- [Task to complete] With pictures left out, output exactly the lines of the listing below from the line that has "King Box Spring" to the line that has "Linear four-room apartment", both lines kept.

- [Material for this exercise]
- Opening Delimiter -
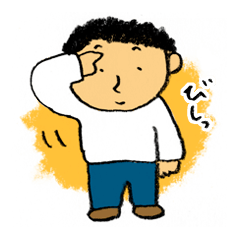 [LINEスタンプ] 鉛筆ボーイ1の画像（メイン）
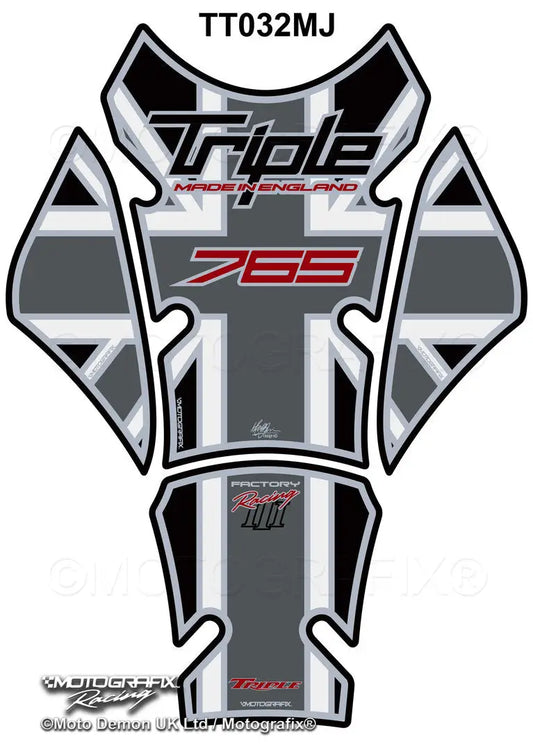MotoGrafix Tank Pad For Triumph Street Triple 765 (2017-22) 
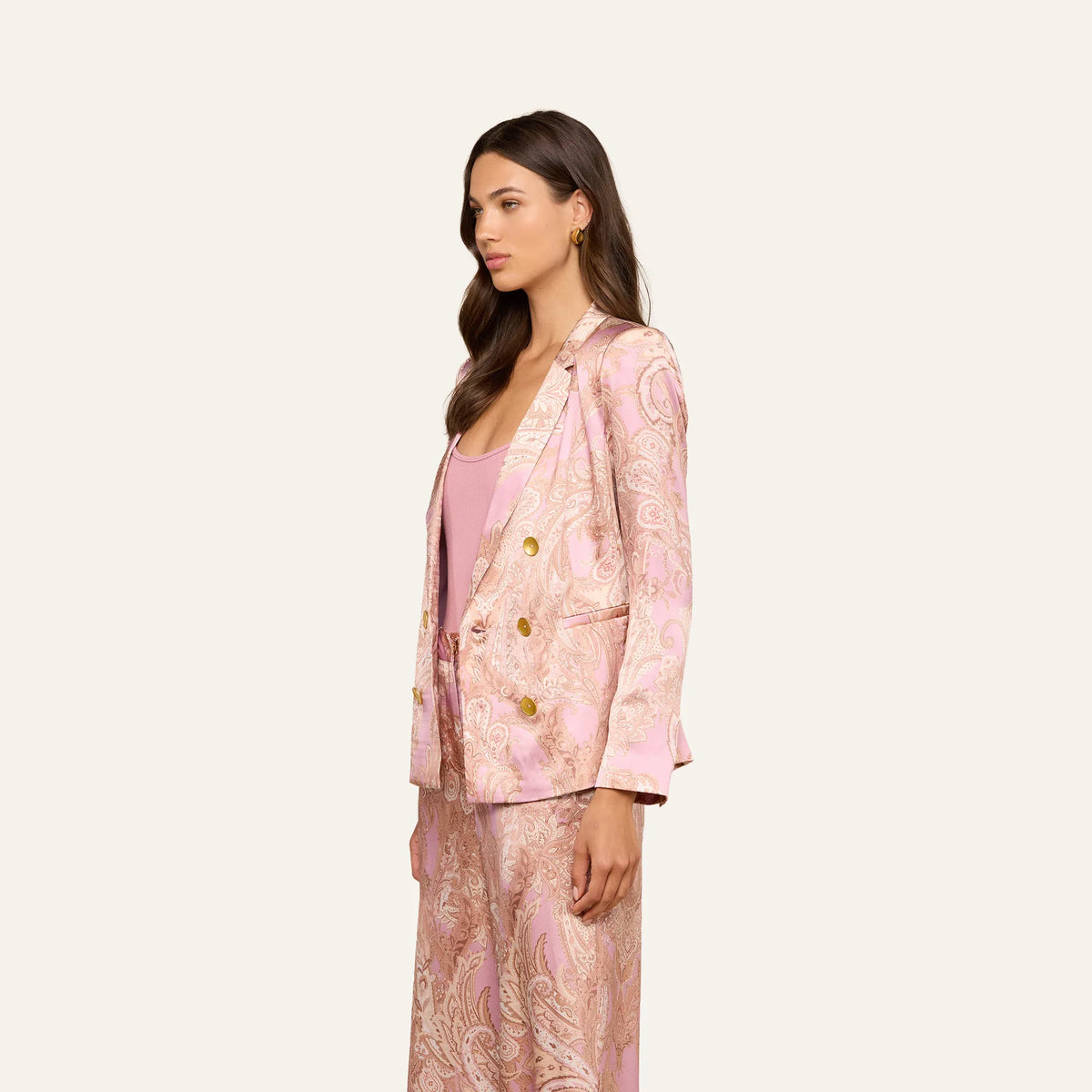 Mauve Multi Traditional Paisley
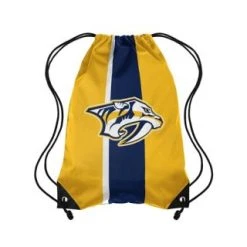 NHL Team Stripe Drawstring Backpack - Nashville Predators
- Closing Delimiter -
- Opening Delimiter -
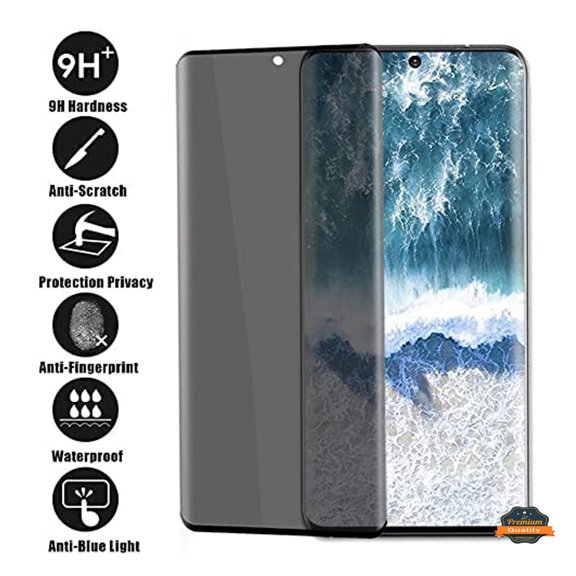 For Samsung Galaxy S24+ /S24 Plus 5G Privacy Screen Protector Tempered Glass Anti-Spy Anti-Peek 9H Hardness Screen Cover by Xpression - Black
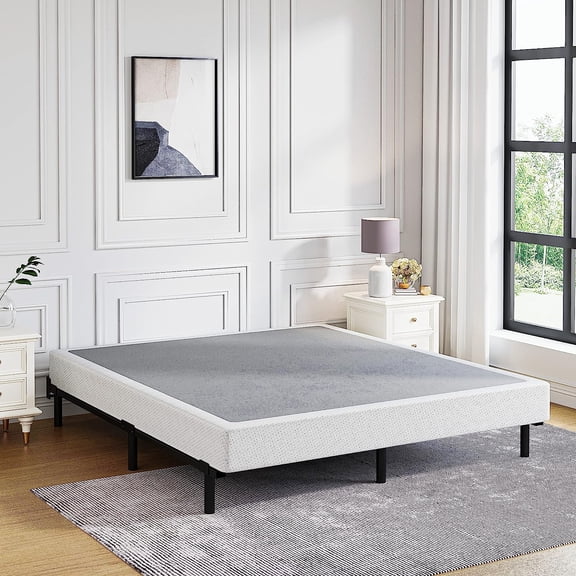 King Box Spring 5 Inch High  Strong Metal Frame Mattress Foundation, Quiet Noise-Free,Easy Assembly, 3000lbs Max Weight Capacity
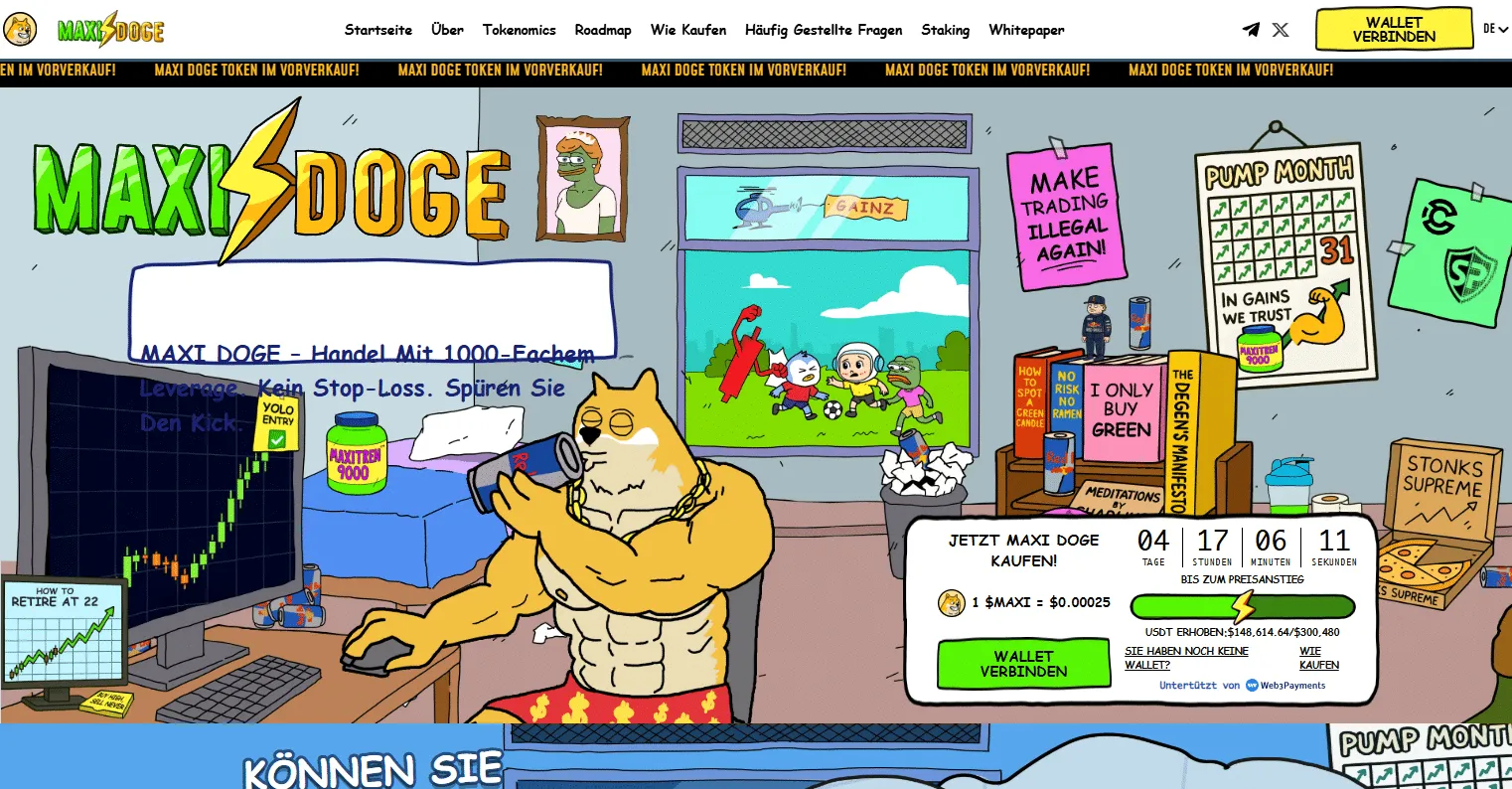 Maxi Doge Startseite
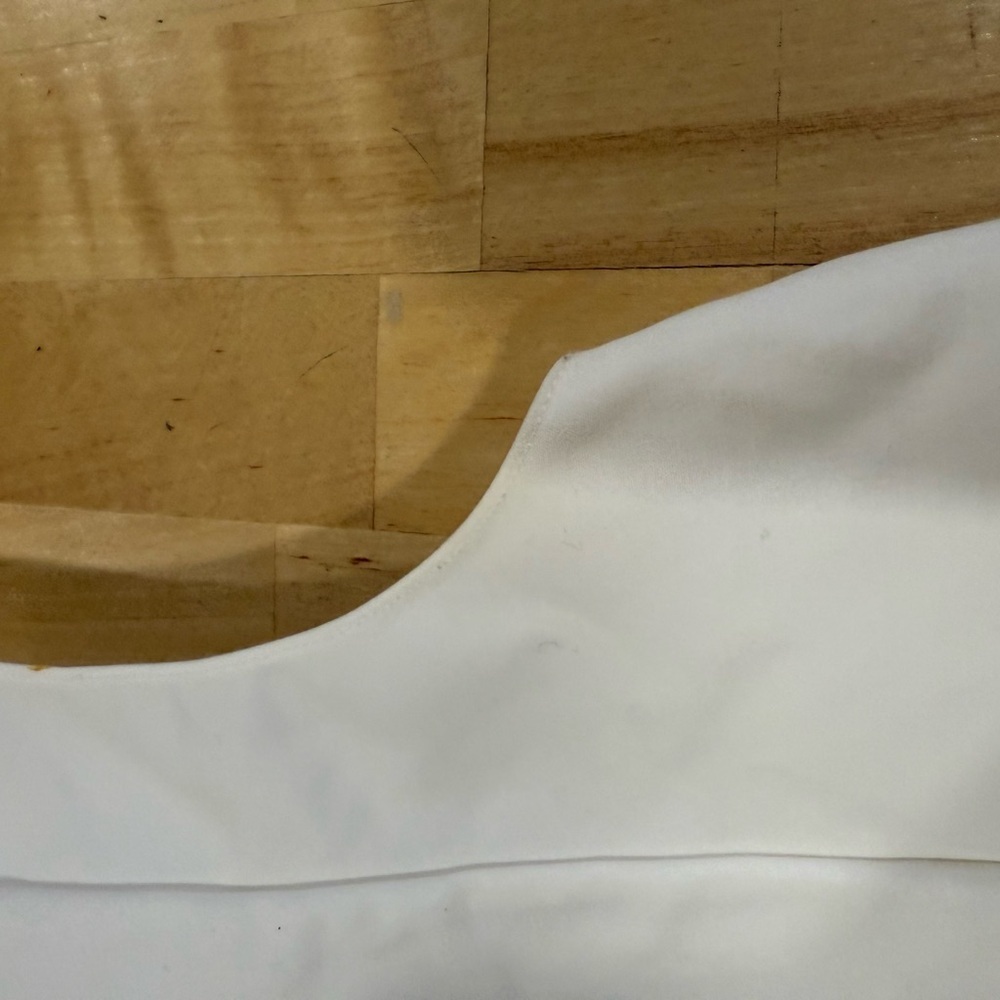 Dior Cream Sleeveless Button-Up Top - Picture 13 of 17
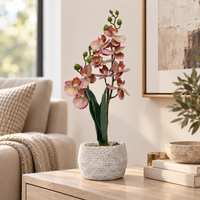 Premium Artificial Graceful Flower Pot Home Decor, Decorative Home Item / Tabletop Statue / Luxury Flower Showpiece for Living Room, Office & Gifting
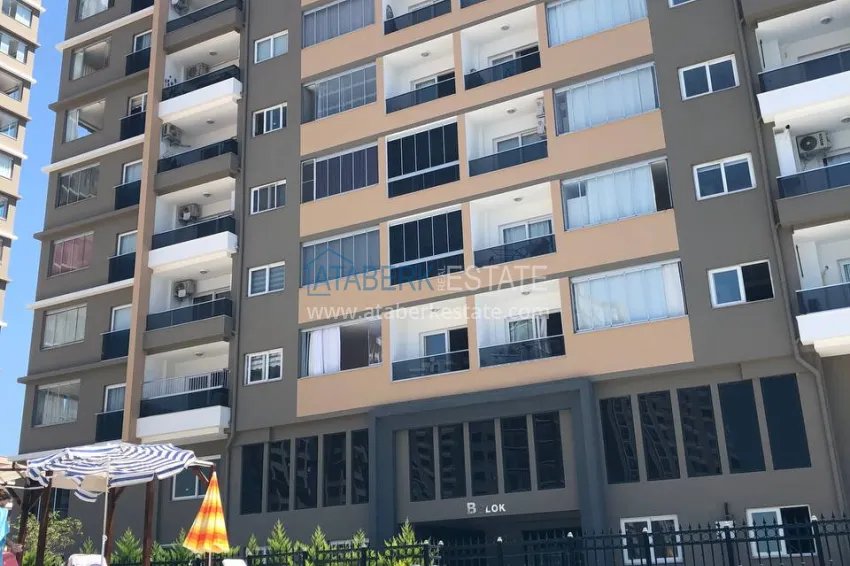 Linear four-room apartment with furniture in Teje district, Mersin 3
- Closing Delimiter -
- [Solution to the problem]
 King Box Spring 5 Inch High  Strong Metal Frame Mattress Foundation, Quiet Noise-Free,Easy Assembly, 3000lbs Max Weight Capacity
 Maxi Doge Startseite
 Dior Cream Sleeveless Button-Up Top - Picture 13 of 17
 Premium Artificial Graceful Flower Pot Home Decor, Decorative Home Item / Tabletop Statue / Luxury Flower Showpiece for Living Room, Office & Gifting
 Linear four-room apartment with furniture in Teje district, Mersin 3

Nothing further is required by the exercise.